Answer: by establishing two effective mechanisms to change what the Church believes and practises; the creation of the principle and process of synodality itself and the adjudicating concept of the sensus fidei.


In practice, this present Synod is of course only the beginning of a process. We have been promised that it will be followed with another one in 2024. It is, of course, a well-known principle of stalking that you don’t frighten your prey too early. There was never any intention for this Synod to take any heterodox decisions.


What was important was that it should be established as an alternative forum with a mandate to “listen to the spirit” and propose the Church change its teaching accordingly. Now that the mechanism is safely in place and the precedent has been established without being successfully challenged, the achievement of the change of doctrine can wait a few months.


The sensus fidelium is critical to this and when we ask what it is, we find that it is defined in impossibly vague terms.


The Synod document states: “All believers possess an instinct for the truth of the gospel, the sensus fidei. It consists in a certain connaturality with divine realities and the aptitude to grasp what conforms to the truth of faith intuitively.”


While this may be true in the most general sense, it fails in practical implementation in any historical context. If were true on the sense it was offered, there would be few or no schisms in Church history. It is either a piece of naivety of politically useful revisionism.


“Synodal processes enhance this gift and allow for verifying the existence of that consensus of the faithful (consensus fidelium), which is a sure criterion for determining whether a particular doctrine or practice belongs to the Apostolic faith.”


The audacity that lies behind this statement is as breathtaking as it is threatening. In a piece of progressive Gnosticism “intuitive” authority is being claimed for a handpicked group of people who have it in common that they support secular progressive values over traditional orthodox ones.


But that is exactly the strategy that is being adopted to achieve a revolution of dogma and teaching in the Church.

Special pleading has been adopted (exactly as it was with the Anglicans) that only our culture is sufficiently competent to understand complexities of sex and sexuality, unlike its more primitive and scientifically unskilled predecessors.


In a section entitled “Ecclesial discernment and open questions”, the Synod document proposed that “to avoid taking refuge in the comfort of conventional formulas” (which presumably means orthodox theology and the settled mind of the Church) “it was necessary to consider perspectives from the human and social sciences, philosophical reflection and theological elaboration”.


“Certain issues, such as those relating to gender identity and sexual orientation … are controversial not only in society, but also in the Church, because they raise new questions.”


And there you find presented both the platform and the mechanism for changing the Church’s teaching on the ordination of women and the blessing of gay relationships.


This strategy has clearly been in the pipeline for some considerable time and is being rolled out step by step, as a carefully conceived plan of action.
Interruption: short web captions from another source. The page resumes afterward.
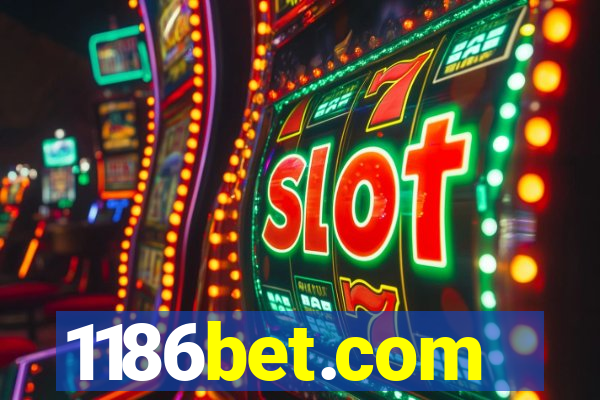 1186bet.com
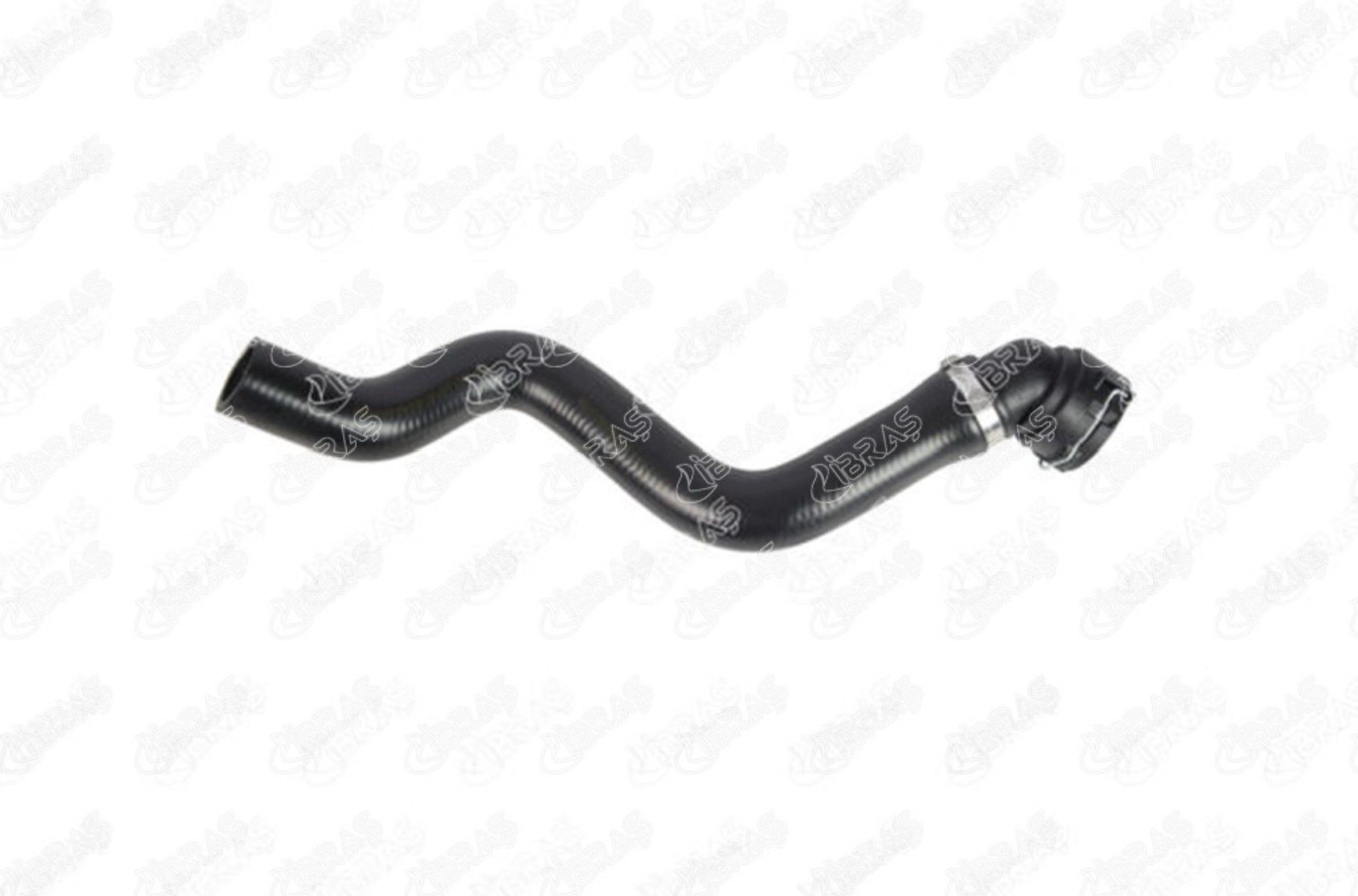 DOBLO Radyatör Üst Hortum İBRAŞ 14988 / 51810860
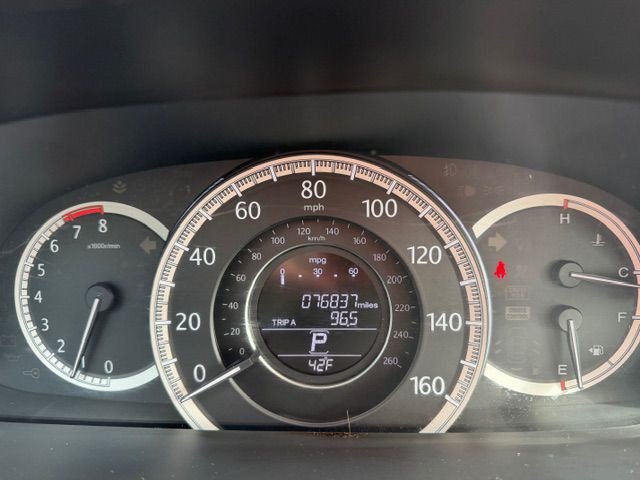 2015 Honda Accord Image 14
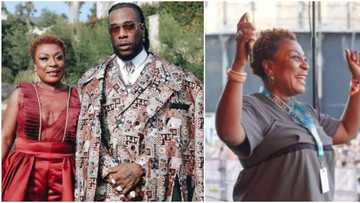 After Burna Boy bagged MFR award, singer’s mum Bose Ogulu to be honoured at Artist & Manager Awards 2022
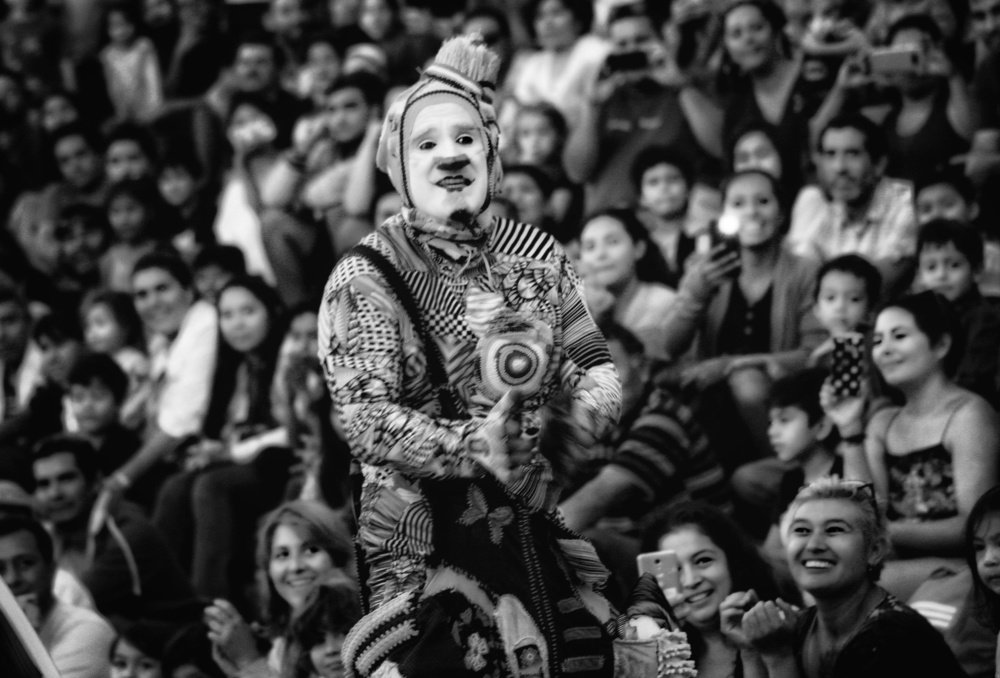 Photograph by Karol Salinas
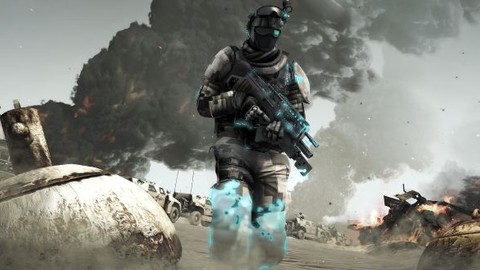 Ghost Recon: Future Soldier oyununun yeni videosu geldi!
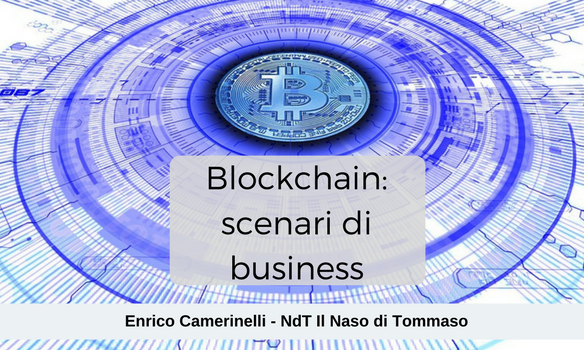 blockchain scenari di business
It has been preceded by a series of statements made by progressive spokesmen that have prepared the ground for the changes.


In a year’s time the next stage – the reconsideration of sex and sexuality in a way that is aligned with the better-scientifically informed values of secularity – will be intuited by the newly authoritative arbiters of faith who have been inducted into the new synodality.


The revolution is under way on on schedule. What remains to be discovered is how faithful and traditional Catholics respond to having the Church hijacked from under their feet and pews by dogma formed from the precepts of progressive ethics and therapeutic truisms.





In Christ Crucified and the Most Victorious Heart of Jesus.